Бои шли уже под Лугой, но Елена Александровна все еще никак не могла свыкнуться с мыслью, что немцы заняли более дальний Псков. «Они снова на Великой…» — время от времени растерянно твердила она, ни к кому не обращаясь. «Снова…» — мысленно повторял он за ней и переносился воспоминаниями в Псков восемнадцатого года. В те дни, как назло, установилась ненастная погода, ветер выгибал куст сирени под окном той маленькой комнаты и время от времени сильно хлестал им по стеклу. Место кресла-качалки заняла кроватка-люлька, в которой спала годовалая Инночка. За окном проходили кайзеровские солдаты. У них были вымученные улыбки. Кажется, они хотели домой и им не было никакого дела до студентика, пробравшегося в оккупированную зону из Петрограда. Какой еще студентик? Кто его видел? А Фабрициус увидел. Поймал молодца на обратном пути в Петроград. Фабрициус не спешил домой. А может, у него не было дома. Он тачал революцию и порядок. И довоевывал войну. Довоевывал с навязчивой мыслью, что если эта кончится, то начнется какая-нибудь другая. У него были разлетающиеся в стороны усы Буденного, бородка клинышком Дзержинского и прицельный взгляд латышского стрелка. Едва ли он прислушивался к объяснениям того интеллигентика, что он вовсе не шпион и линию фронта перешел только чтобы повидать в захваченном Пскове жену и дочь. Там горячился другой, тот, что сидел рядом с Фабрициусом, дерганый: «Что они делают во Пскове?» — «Жена навещает родителей». — «Почему вы не поехали с ними?» — «Я тоже навещал родных в Ярославле». — «Ах, в Ярославле!» — радостно. И Фабрициусу громко: «Оттуда сейчас много этой сволочи бежит, те, которых после мятежа не добили…» И только когда студентик не выдержал — красными пятнами покрылся и по столу кулаком ударил: «Абсурд!», а потом как-то сник, обессиленно опустил руки, тогда только дернулась бородка клинышком: ишь ты, и правда, бабья заноза в нем застряла… на вид типчик чуждый, а дочке вот годик… И сквозь зубы выплюнул он: «Отпустить, не до этого сейчас…»
«В комнате Леночки…»
Он усмехнулся: если и есть что-то совсем уж случайное, незатейливое и безыскусное, что сочинил он на своем веку, так именно этот юношеский экспромт. Почему он вспомнился?

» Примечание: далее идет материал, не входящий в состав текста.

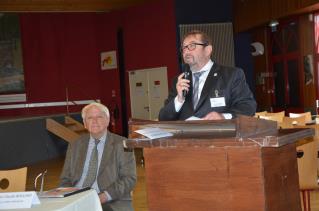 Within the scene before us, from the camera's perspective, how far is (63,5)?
1321 cm

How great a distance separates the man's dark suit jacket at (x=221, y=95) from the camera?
248 centimetres

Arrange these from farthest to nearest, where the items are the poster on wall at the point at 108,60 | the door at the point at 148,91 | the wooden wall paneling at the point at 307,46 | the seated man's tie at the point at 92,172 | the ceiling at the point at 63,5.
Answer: the poster on wall at the point at 108,60 → the door at the point at 148,91 → the ceiling at the point at 63,5 → the wooden wall paneling at the point at 307,46 → the seated man's tie at the point at 92,172

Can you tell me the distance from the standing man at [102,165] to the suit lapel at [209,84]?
3.19 ft

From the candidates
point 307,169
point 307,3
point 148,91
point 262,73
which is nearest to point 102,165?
point 307,169

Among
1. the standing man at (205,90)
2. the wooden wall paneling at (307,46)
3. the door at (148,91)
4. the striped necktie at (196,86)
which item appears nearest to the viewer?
the standing man at (205,90)

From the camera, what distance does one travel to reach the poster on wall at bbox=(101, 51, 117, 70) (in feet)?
48.3

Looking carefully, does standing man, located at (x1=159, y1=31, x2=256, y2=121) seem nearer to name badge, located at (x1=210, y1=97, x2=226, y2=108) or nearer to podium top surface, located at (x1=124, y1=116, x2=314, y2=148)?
name badge, located at (x1=210, y1=97, x2=226, y2=108)

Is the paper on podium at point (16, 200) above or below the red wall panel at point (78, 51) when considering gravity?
below

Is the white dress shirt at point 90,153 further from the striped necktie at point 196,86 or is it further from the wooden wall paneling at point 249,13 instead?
the wooden wall paneling at point 249,13

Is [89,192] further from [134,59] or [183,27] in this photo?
[134,59]

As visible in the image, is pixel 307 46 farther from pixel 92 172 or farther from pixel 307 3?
pixel 92 172

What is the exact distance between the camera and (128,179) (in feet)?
11.0

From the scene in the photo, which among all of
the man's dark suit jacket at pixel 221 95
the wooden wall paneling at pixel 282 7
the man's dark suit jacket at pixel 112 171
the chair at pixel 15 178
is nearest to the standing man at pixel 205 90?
the man's dark suit jacket at pixel 221 95

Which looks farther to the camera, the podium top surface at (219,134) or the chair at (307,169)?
the chair at (307,169)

Он все еще продолжал смотреть в окно, когда за спиной раздалось надрывное завывание… Выключенное им радио, звонок в дверь? Нет — звонил телефон.

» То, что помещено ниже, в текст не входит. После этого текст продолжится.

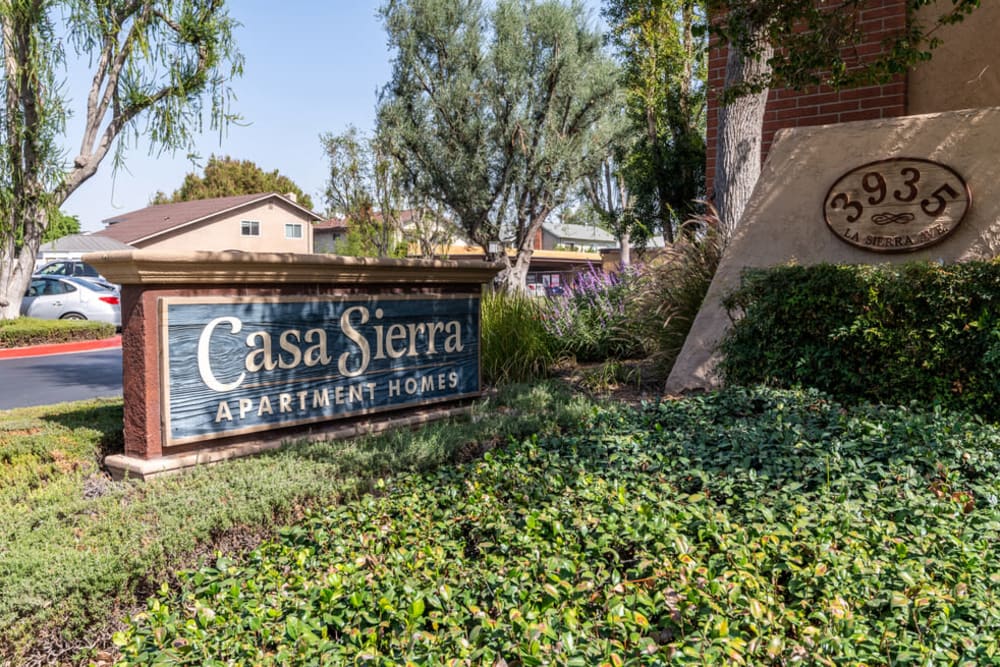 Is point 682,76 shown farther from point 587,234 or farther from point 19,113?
point 587,234

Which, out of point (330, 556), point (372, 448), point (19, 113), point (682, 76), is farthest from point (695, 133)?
point (330, 556)

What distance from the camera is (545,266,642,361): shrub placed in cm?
819

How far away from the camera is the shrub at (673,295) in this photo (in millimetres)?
7207

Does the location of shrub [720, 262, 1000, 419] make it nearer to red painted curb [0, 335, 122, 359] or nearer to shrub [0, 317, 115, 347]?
red painted curb [0, 335, 122, 359]

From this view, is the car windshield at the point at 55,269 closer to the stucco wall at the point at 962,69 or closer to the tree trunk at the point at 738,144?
the tree trunk at the point at 738,144

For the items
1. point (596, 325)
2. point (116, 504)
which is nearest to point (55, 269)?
point (596, 325)

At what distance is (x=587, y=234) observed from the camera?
74875 millimetres

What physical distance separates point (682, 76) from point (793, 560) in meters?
22.5

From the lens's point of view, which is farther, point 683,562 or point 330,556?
point 330,556

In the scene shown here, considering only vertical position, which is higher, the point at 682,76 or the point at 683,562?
the point at 682,76

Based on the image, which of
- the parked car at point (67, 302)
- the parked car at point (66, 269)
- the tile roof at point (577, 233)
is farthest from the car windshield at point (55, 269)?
the tile roof at point (577, 233)

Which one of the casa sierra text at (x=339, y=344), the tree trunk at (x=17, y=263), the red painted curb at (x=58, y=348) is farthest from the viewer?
the tree trunk at (x=17, y=263)

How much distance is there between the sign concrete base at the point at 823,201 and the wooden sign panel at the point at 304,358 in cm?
211

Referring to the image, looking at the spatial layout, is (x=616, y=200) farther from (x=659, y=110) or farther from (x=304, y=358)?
(x=304, y=358) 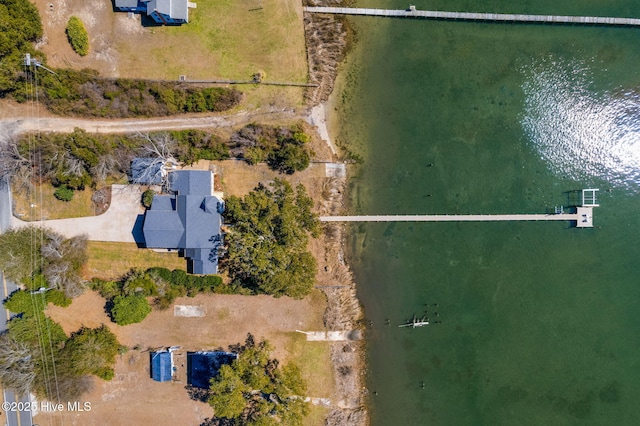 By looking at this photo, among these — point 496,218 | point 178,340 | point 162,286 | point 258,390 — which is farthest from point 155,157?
point 496,218

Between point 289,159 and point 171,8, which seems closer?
point 171,8

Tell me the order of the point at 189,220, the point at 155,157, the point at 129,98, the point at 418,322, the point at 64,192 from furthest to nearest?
the point at 418,322 → the point at 129,98 → the point at 64,192 → the point at 155,157 → the point at 189,220

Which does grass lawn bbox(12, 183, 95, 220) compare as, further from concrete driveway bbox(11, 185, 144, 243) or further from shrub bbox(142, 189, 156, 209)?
shrub bbox(142, 189, 156, 209)

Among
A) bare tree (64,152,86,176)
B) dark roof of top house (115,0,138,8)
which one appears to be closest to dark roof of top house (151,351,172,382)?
bare tree (64,152,86,176)

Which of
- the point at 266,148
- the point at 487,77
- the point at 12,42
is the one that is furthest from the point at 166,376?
the point at 487,77

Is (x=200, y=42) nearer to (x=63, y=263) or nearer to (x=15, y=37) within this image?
(x=15, y=37)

Потребовалось некоторое время, чтобы добраться до висящего в коридоре аппарата, и все стихло. Он собрался уже вернуться на кухню, как телефон зазвонил во второй раз. «Ответьте абоненту!» — нетерпеливо проговорила барышня. «Ты? — голос Елены Александровны перебивался посторонним треском, — а Инна еще не пришла? Почему я тебя не слышу? Везде творится ужас! Билеты… Снова трещит. Не тряси трубкой, там шнур не в порядке…» — «Леночка… я тебе как абонент абоненту», — заговорил он было шутливо, но тут же перебил сам себя и начал негромко декламировать:
Die Liebe, die dahinten blieb,
Sie ruft dich sanft zurück[2].
«Подлец! — снова прорвался голос Елены Александровны. — Этот Кузьма Аркадьевич — настоящий подлец, я была права. Он пихает своих и чужих со стороны за деньги… Я давно тебе говорила, чтобы ты позвонил начальству, в Москву, в Союз, в ЦК…» — «Ты помнишь: лодка на Великой пахла тиной, а в Корытове мальчишки на наших глазах выловили огромную щуку?..» — «Невыносимо!..» — «O kommzurück…» — «Что?» Он повесил трубку и тогда уже закончил строфу:
O kommzurück, ichhab’ dichlieb,
Du bist mein einz’ges Glück![3]
Прошло какое-то время, пока он осознал, что так и стоит в забытьи перед телефонным аппаратом. Обои рядом с ним неровно соединялись швами, и розовый лепесток рисунка имел смещенные, не сходящиеся половинки. «Есть в этом доме что-нибудь, что еще в порядке? — прокричал он и сдернул трубку аппарата. — Шнур перетерся? Всего лишь… Повезло тебе, брат…» — «Тридцать седьмая, — раздалось в ответ. — С кем вы на проводе, абонент?» — «С Гейне, — он бросил трубку на рычаг и помотал неизвестно кому головой. — Но вы ошибаетесь, уважаемые, Гейне не был унылым страдальцем… Он был ироничен и зорок… В нем было много от перелетной птицы… И он ненавидел добродушие».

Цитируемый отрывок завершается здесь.